At the argument of this motion, it developed that there is no real dispute as to the essential facts. Defendant has been doing business for a number of years under the name and style of Fitch Investors Service and also as the chief executive officer, a director and controlling stockholder of Fitch Publishing Co., Inc. Both defendant, under the name of Fitch Investors Service, and Fitch Publishing Co., Inc. have been registered as investment advisers under the Investment Advisers Act of 1940 for a number of years past.
I find that, as defendant in effect concedes, both he and Fitch Publishing Co., Inc. have consistently filed false statements with the SEC; that he and the company have misappropriated clients' funds and securities and have employed deceptive practices with customers at least during the period from 1960 through 1964 in violation of Section 206 of the Advisers Act (15 U.S.C. 78j); and Section 10b of the Securities Exchange Act of 1934; and that he and the company have consistently failed and refused, despite every reasonable notice and courtesy extended by representatives of the SEC, to permit the latter to examine the books and records required to be kept by registered investment advisers pursuant to the provisions of 15 U.S.C. 80(b)-4 and Rule 204-2 of the Commission (17 C.F.R. 275.204-2).
Although he does not dispute the above salient facts, defendant does contend that he has been unable to turn over the required records because of illness and, more importantly, a fear on his part that to do so will be effective self-incrimination in derogation of his constitutional rights.

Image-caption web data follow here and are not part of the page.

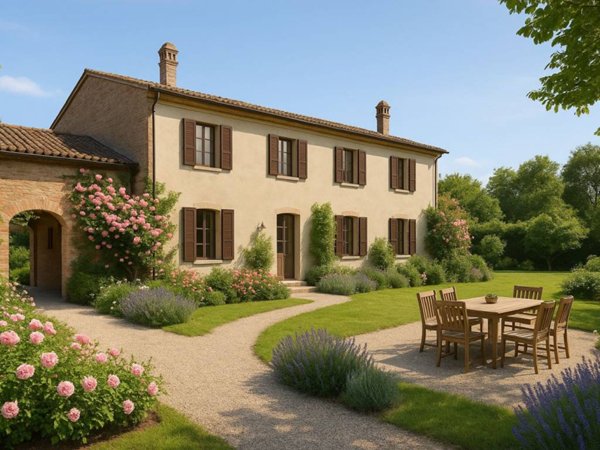 casa indipendente in vendita a Rottofreno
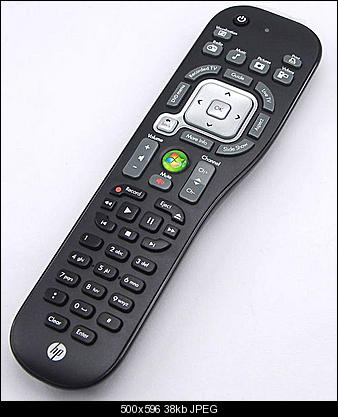 Click image for larger version

Name:	New-HP-Replacement-Media-Center-Remote-Control-RC1804929-01B.jpg
Views:	1665
Size:	38.4 KB
ID:	19191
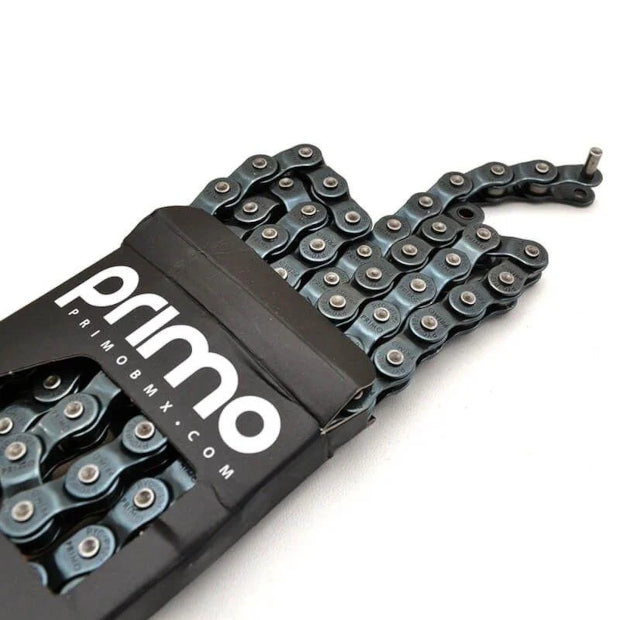 PRIMO BMX 121 Halflink Chain (Black)
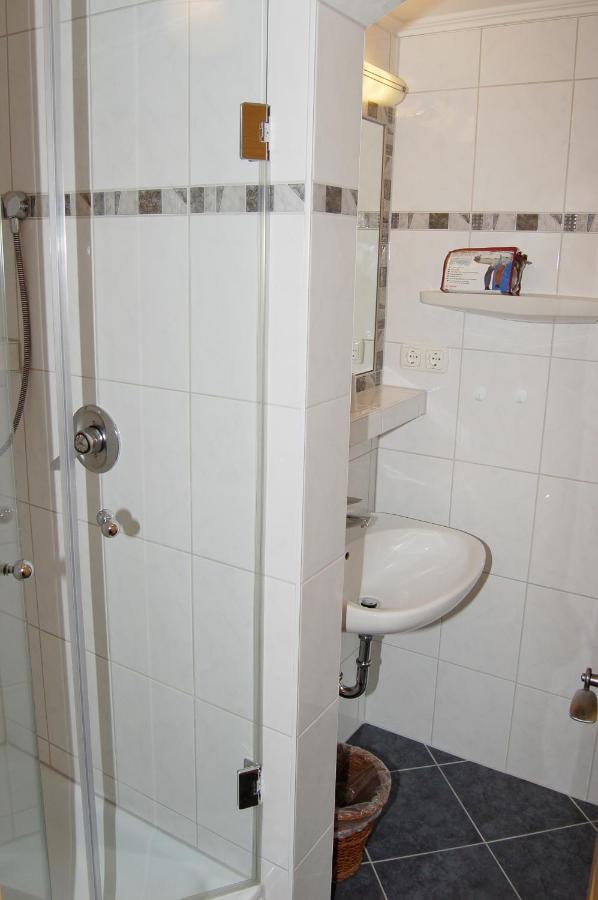 Apartment Haus Hollereben 비쇼프스비에젠 외부 사진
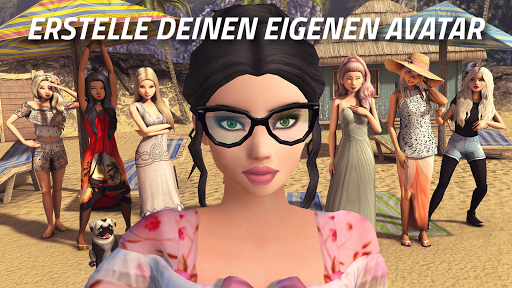 Avakin Life Virtuelle 3D-Welt Bildschirmfoto 12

To frame this argument more particularly as I understand it, defendant argues that the records in question are his private property and thus cannot be obtained by mandatory injunction here since this would constitute an unreasonable search and seizure in derogation of the Fourth Amendment and, as well, an effective compulsion to incriminate himself in contravention of the Fifth Amendment.

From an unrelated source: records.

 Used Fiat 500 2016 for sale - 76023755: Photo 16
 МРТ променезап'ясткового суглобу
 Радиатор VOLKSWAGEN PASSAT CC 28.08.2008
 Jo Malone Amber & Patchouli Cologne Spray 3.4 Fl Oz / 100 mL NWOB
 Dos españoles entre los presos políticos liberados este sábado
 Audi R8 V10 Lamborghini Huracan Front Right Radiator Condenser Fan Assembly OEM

Unfortunately for defendant, this principal legal argument is built upon the faulty first premise that the records in question as required by the SEC under the statute and regulations are private records of his. On the contrary, they are quasi-public records and thus must be produced even though it is possible that defendant might be prosecuted later on the basis, in part at least, of what these records disclose. United States v. Pine Valley Poultry Distributors Corp., 187 F.S. 455 (S.D.N.Y. 1960). Shapiro v. United States, 335 U.S. 1, 92 L. Ed. 1787 , 68 S. Ct. 1375 (1948).
As to defendant's argument that he is seriously ill and thus unable to comply with any mandatory requirements of producing the books and records in question, it need only be observed that defendant has employees and agents who are perfectly capable at his direction of making available these documents.
Defendant also asserts that there is no adequate showing of necessity for drastic injunctive relief in that all of the conceded violations on his part were in the past and are not now continuing. But the plain terms of Section 209(e) of the Act provide, among other things, that "upon a showing that such person has engaged * * * in any act or practice (in violation of the Act) * * * a permanent or temporary injunction * * * shall be granted * * *". In other words, the SEC is entitled to the relief which it seeks upon the basis of defendant's past undisputed violations even if it be assumed that defendant in fact has ceased. See SEC v. Boren, 283 F.2d 312 (2d Cir. 1960).
Finally, defendant urges that, because his activities as charged are already prescribed by the Act, there can be no need to enjoin him from continuing such acts and practices. The short answer to this, of course, is that he has been unwilling to obey the plain requirements of the Act heretofore, and thus the SEC is plainly entitled to an enforcement tool to make defendant obey the law hereinafter.
A temporary injunction should issue. Settle order upon notice.